Our self-esteem influences us in practically everything. It influences us in: how we feel, how we think, how we learn and believe, how we value ourselves, how we relate to others, how we behave … If as a person you do not feel valuable enough, you can experience difficulties in your life, in your work, in your relationship with your partner, in the way you raise your children, in social interaction and even body image problems.

 

Why Is It Essential To Have Adequate Self-Esteem?

How many times before leaving home have you looked in the mirror and said to yourself: “If I were a little thinner”, “If I had longer legs” “If my hair was smoother” … and thus feeling disgusted with yourself, you have gone out into the streets surrounded by a halo of insecurities and negativity. If you feel identified with what we have said above, you will wonder what you can do to improve it, but to answer this question, you first have to know what self-esteem is. This word means to esteem you, love you and love yourself, that is, to love you, take you into account, and have self-love.

 

If you have low self-esteem, you do not respect yourself, you hardly esteem yourself or love yourself, and you can consider yourself inferior to others, constantly comparing yourself. This low self-esteem makes you feel incompetent to perform any task presented to you with a particular challenge and unable to achieve any goal or objective that you set for yourself. On the contrary, if you present adequate self-esteem, you will not be afraid of new challenges; you will try to solve any problem or challenge that may arise by increasing your confidence in yourself and feeling capable of doing and achieving almost anything you set your mind to

 

How Do You Feel If You Have Good Self-Esteem?

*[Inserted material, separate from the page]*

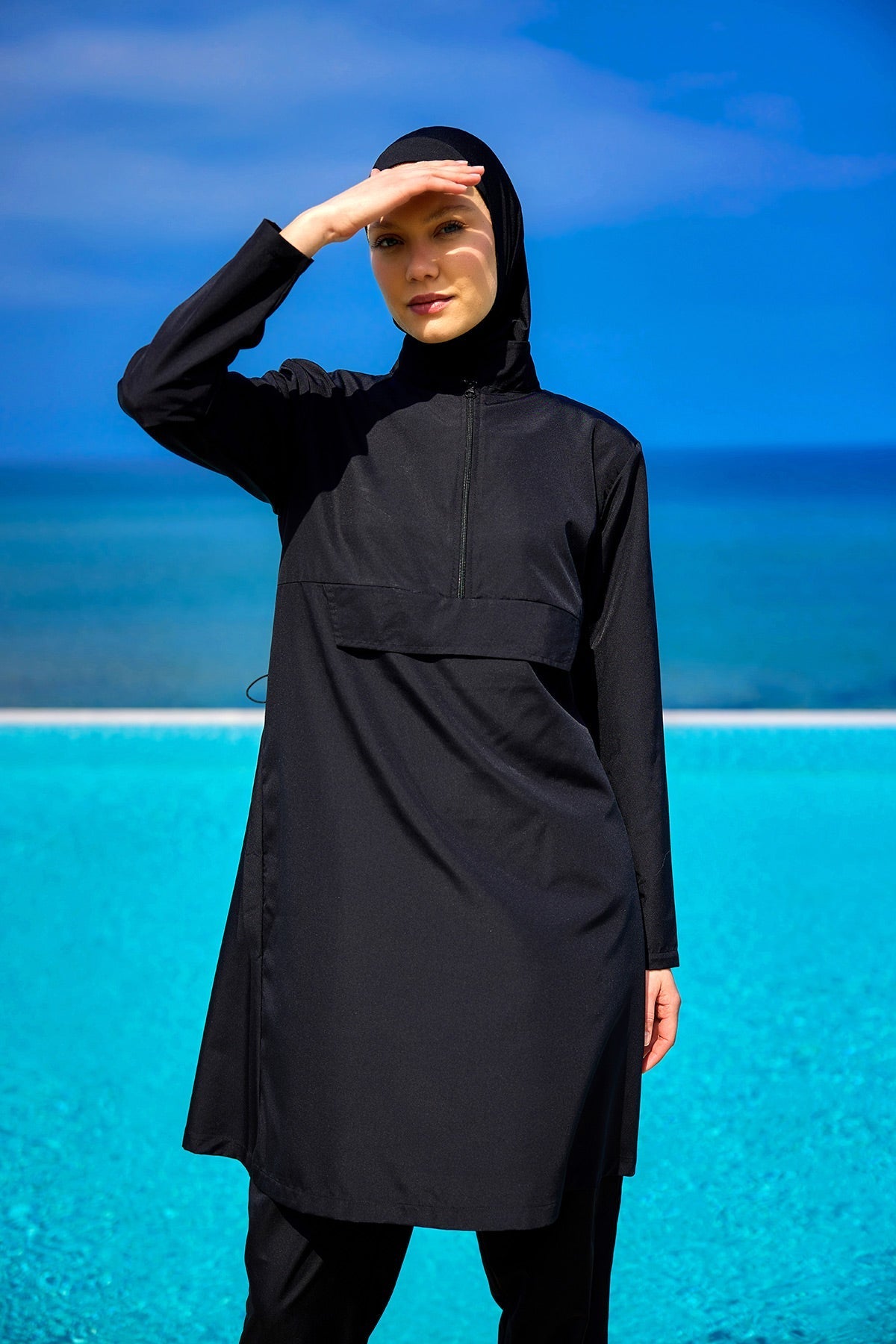 Andalus Black Full Coverage Burkini Set for A2503-1 Covered Burkini Swimwear La Vie Bien Andalus Black Full Coverage Burkini Set for A2503-1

A person with adequate self-esteem has the following characteristics:

  • Enjoy a positive and realistic view of yourself and your capabilities.
  • They require the approval of others.
  • They don’t assume they’re better or worse than anyone else.
  • Express their feelings and emotions freely
  • Face new challenges with optimism, trying to overcome fear and accepting responsibilities
  • Relate easily and is satisfied with social interactions, values ​​friendship, and talks to people.
  • They know how to handle their frustrations, learn from failures, are creative and innovative, develop projects, and persevere in their goals.

 

How Does A Person With Low Self-Esteem Feel?

Low self-esteem is related to a distortion of thought. People with low self-esteem have a very distorted view of who they really are. At the same time, these people maintain extraordinarily perfectionistic demands on what they should be or achieve. The person with low self-esteem maintains a dialogue with himself that includes thoughts such as:

  • Overgeneralization: From an isolated event, a universal, general rule is created for any situation and moment: It has failed once (in something concrete): Think: I will always fail!
  • Global designation: They use pejorative terms to describe oneself, instead of telling the error specifying the time in which it happened: Think and verbalize: How clumsy I am! I am useless!
  • Polarized thinking: All or nothing thinking – they take things to extremes. There are absolute categories – it is black or white. It is not accepted, nor is it known to give relative evaluations: They think: Everything is going to go wrong! You are with me or against me – I do it right or wrong.
  • Self-accusation: One is found guilty of everything. They think: I am to blame! I should have realized it before!
  • Personalization: It assumes that everything has to do with them and compares negatively with everyone else. They think: They have a terrible face, what have I done to them?
  • Thought reading: You assume that others are not interested, that they do not like you, you think they think badly of them… without having tangible evidence of it. They are assumptions that are based on strange and unverifiable things: They think: Surely, they think I’m stupid …
  • Control fallacies: You feel that you have total responsibility for everything and everyone, or you think that you have no control over anything, that you are a helpless victim: They believe: “They should do things as I say” or on the contrary “,I should do what they tell me”.
  • Emotional reasoning: If I feel it like that, it’s true. We feel alone, without friends, and we believe that this feeling reflects reality without stopping to contrast it with other moments and experiences. They think: “If I am really useless”; because it “feels” that it is really like that.

 

In its most scientific expression, it is a fact that the work of self-esteem is one of the keys to emotional, economic and affective stability. It is one of the most ignored and most needed topics.